Interestingly, however, only three percent of the 7,881 Beliefnet survey respondents said that the destruction caused by Hurricane Katrina weakened their faith. Equal numbers, 47.5 and 49.5 percent respectively, said that the storm strengthened their faith or didn't change it.

At the heart of religious faith is the ability to live with deep ambivalence, even direct inconsistency, the survey shows.

Consider the following two apparently contradictory statements:

  • God controls everything that happens.
  • Although I believe in God, the supernatural has nothing to do with natural disasters.
  • In the survey, both of those statements received the most votes in answer to the respective questions, "What do you believe about the nature of God's power?" and "Does God have a role in natural disasters like hurricanes?"

    A strong majority, 65.8 percent, said that they didn't think God's role was to punish humanity by sending the storms.

    Of those who do feel the hurricanes were a punishment on humanity, the highest number, 26.5 percent, said that "greed and materialism" was the sin that caught God's attention. Perennially controversial social issues like abortion and homosexuality garnered only 3.8 and 9 percent, respectively. Pollution and global warming (8.9 percent), Israel pulling out of Gaza (6.2 percent) and kicking God out of public schools (7.2 percent) also made the villain list.

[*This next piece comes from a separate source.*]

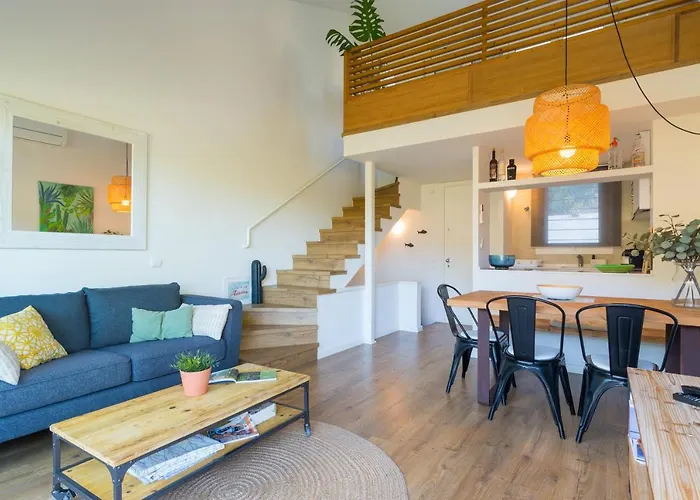 Stylish Sa Riera Apartment Begur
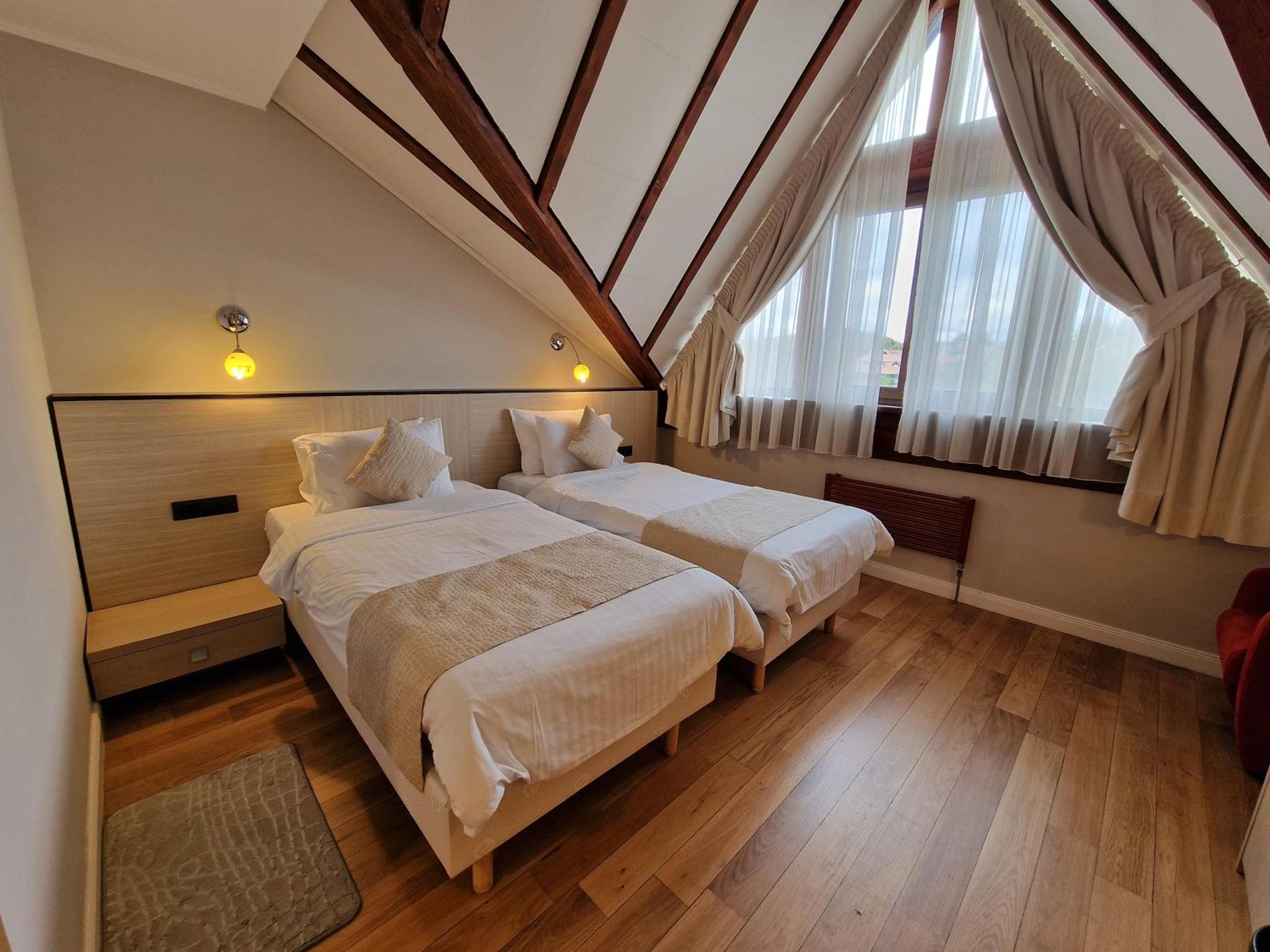 Hotel Sunny Hill Κλουζ-Ναπόκα Εξωτερικό φωτογραφία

    But Beliefnet members who responded in writing to the question, "What do you believe God's role in hurricanes like Katrina and Rita to be?" reflected the full panoply of responses to tragedy, from the embrace of the ambivalence and struggle to the sense of having been given a "wake-up call"--to the abandonment of the idea of God altogether.

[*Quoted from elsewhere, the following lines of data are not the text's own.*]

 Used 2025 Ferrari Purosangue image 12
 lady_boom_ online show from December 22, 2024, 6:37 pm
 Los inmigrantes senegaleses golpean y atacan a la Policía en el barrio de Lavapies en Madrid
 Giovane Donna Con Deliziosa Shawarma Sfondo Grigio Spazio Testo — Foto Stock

    A sampling of the responses:

    --"The main point to having a divine protector is to have it protect you. If the being that says it can protect says it is all-powerful and all-knowing cannot do all the things a leading deity should do, you must throw the being away."

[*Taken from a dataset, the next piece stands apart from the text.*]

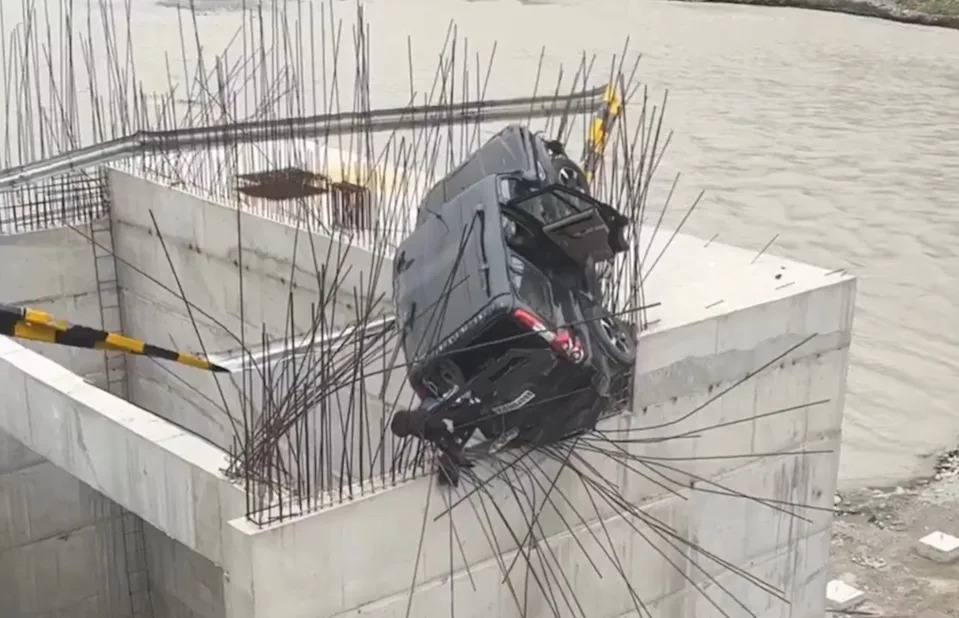 Stravična Nesreća Na Izlazu Iz Atal Tunela: Mahindra Scorpio Probijao Barijeru, Jedan Poginuo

    -- God's role was "to get people to pull together, to help one another, to spread the word, show our faith in the Lord. To show that we still love our neighbor. That we still have morals and want to love him."

    -- "Disasters happen for many reasons; some of which we may never know the meaning, but also, when they happen, they point out our weaknesses as a whole people: we need to improve the way we look at each other as brothers and sisters, we need to take better care of our environment and we need to share with each other and stop fighting."

    -- "I am at a loss regarding God's role in this particular instance. We do not understand all of His reasons for tragedies...and He is not required to explain them."

    -- "I don't believe he, God, has a role in its cause. I believe he created the laws of nature and exercises caution by not interfering. I believe we were given free will to adapt to nature and choose a good way of living. And I believe that the laws of man did not provide for the devastated areas to insure the safety of their occupants."

    The survey was conducted between September 22 and September 25, 2005.